Only the lines from the one that contains "Bitcoin Price Chart" through the final line of the entries should be repeated, exactly as written.
··········
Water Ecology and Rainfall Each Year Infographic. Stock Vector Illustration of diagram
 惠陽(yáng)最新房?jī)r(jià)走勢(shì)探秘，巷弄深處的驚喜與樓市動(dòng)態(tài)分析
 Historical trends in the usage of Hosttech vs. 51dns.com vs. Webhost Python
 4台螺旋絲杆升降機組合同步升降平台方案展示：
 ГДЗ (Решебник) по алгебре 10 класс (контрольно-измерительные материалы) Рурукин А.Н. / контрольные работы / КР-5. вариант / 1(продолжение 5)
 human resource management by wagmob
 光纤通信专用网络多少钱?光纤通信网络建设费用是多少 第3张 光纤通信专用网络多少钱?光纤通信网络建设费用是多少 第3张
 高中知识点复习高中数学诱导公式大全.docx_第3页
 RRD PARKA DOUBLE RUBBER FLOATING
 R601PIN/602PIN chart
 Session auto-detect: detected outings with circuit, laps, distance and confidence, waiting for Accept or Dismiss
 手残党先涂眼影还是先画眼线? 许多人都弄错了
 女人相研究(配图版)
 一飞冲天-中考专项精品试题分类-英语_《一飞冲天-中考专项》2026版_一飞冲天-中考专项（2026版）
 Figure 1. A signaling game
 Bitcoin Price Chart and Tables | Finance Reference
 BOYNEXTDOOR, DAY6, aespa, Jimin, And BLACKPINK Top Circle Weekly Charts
··········
#### Worked solution
 Bitcoin Price Chart and Tables | Finance Reference
 BOYNEXTDOOR, DAY6, aespa, Jimin, And BLACKPINK Top Circle Weekly Charts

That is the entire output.